When you reach the line with "Modway EEI-3911-NAV Navy", start repeating the lines exactly and keep going to the end of the records, but drop every picture.

(Data supplied)

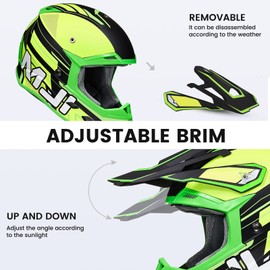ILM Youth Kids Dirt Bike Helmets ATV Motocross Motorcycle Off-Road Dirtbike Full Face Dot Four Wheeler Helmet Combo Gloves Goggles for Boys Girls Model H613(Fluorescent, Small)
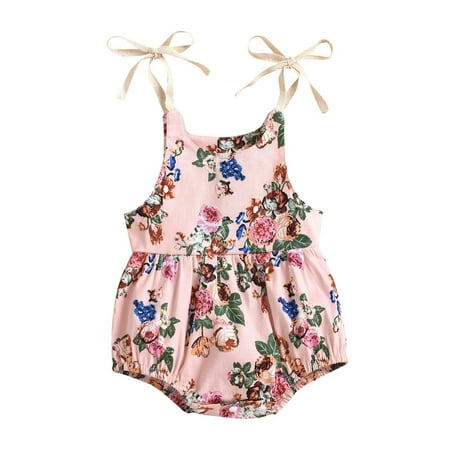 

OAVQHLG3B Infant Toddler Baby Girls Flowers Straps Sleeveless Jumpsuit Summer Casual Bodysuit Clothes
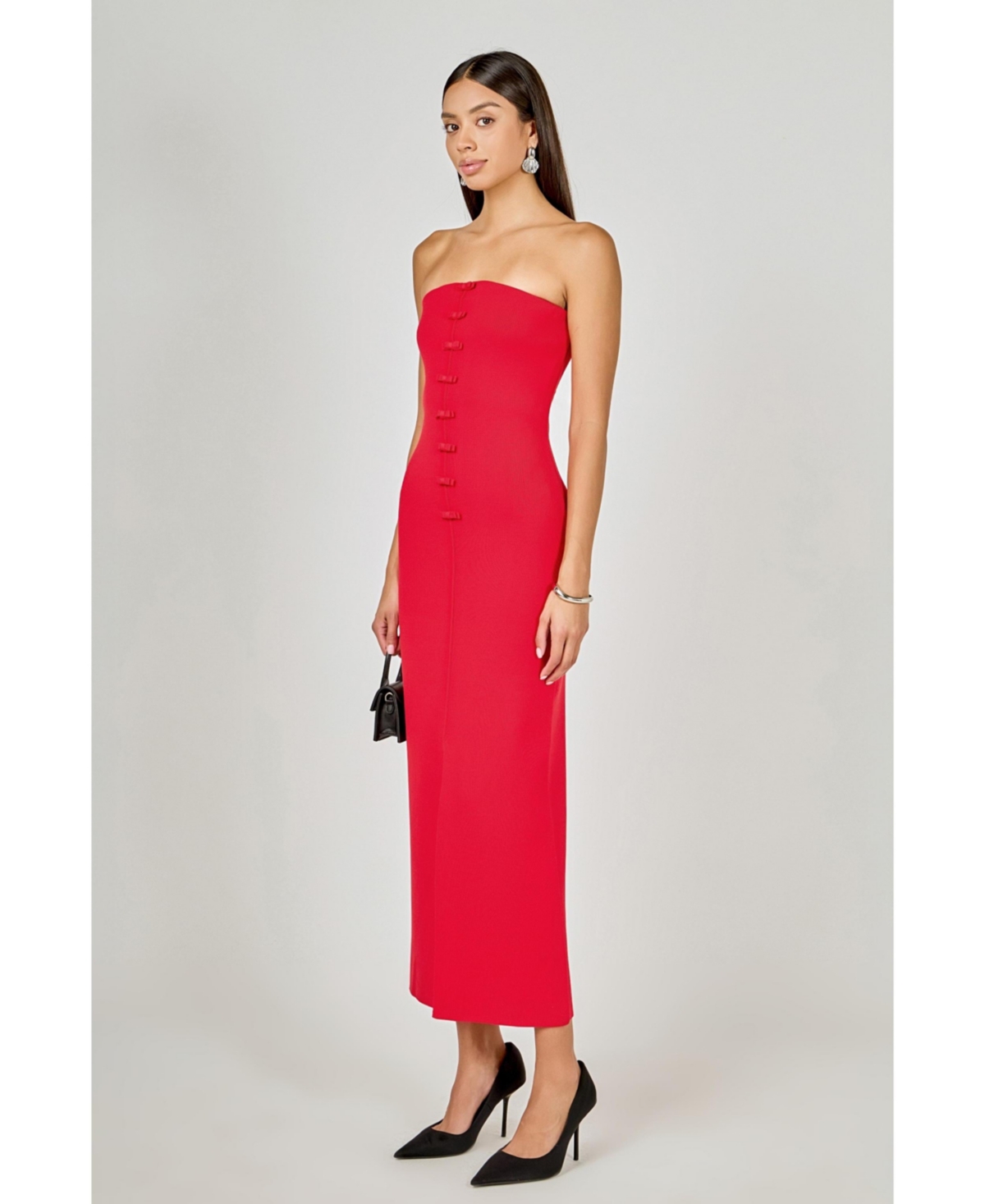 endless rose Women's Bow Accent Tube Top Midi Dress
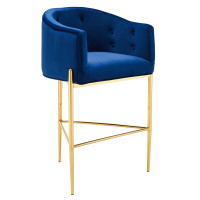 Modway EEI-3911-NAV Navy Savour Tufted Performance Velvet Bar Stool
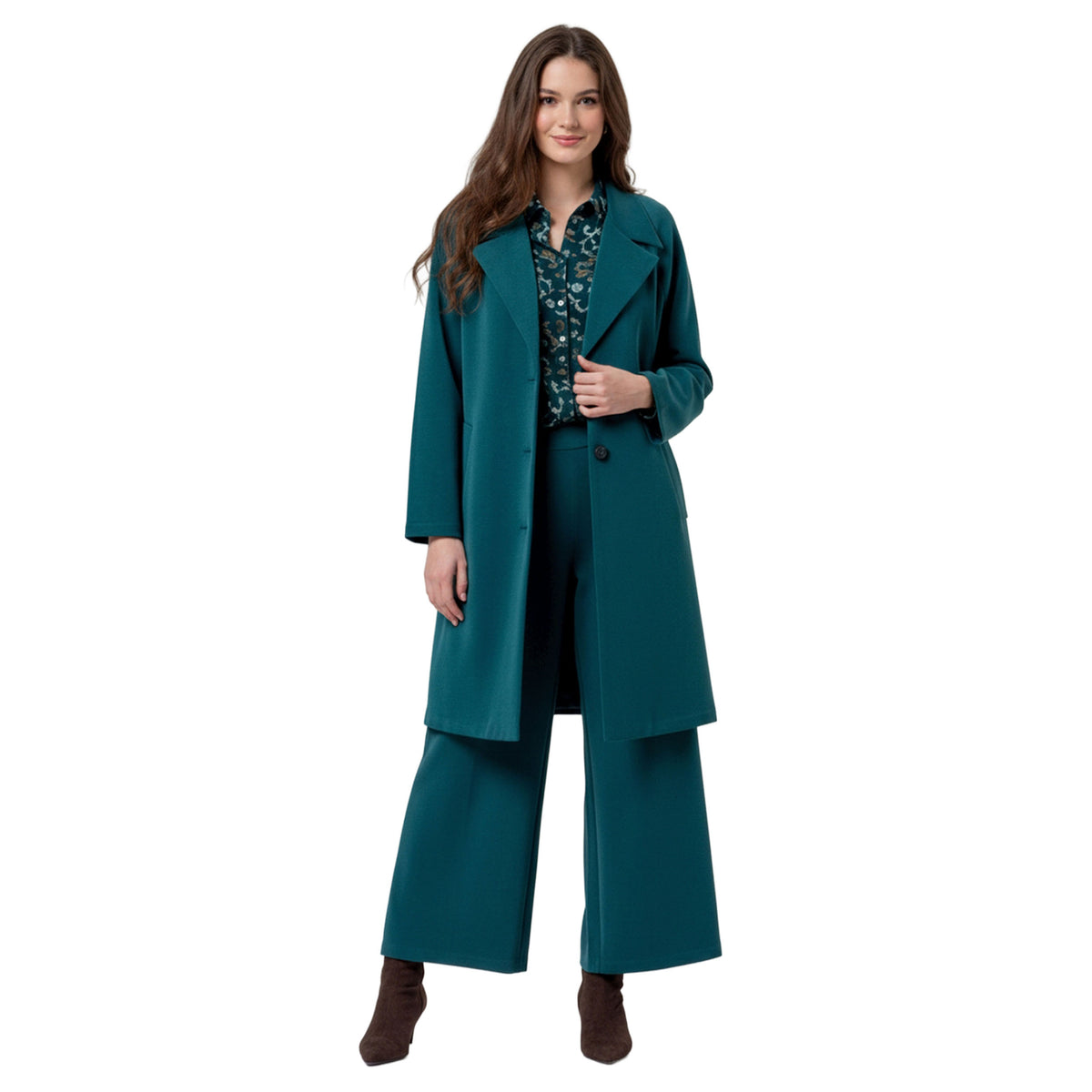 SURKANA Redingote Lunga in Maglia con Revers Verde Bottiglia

(End Data supplied)

## Written solution
 Modway EEI-3911-NAV Navy Savour Tufted Performance Velvet Bar Stool
 SURKANA Redingote Lunga in Maglia con Revers Verde Bottiglia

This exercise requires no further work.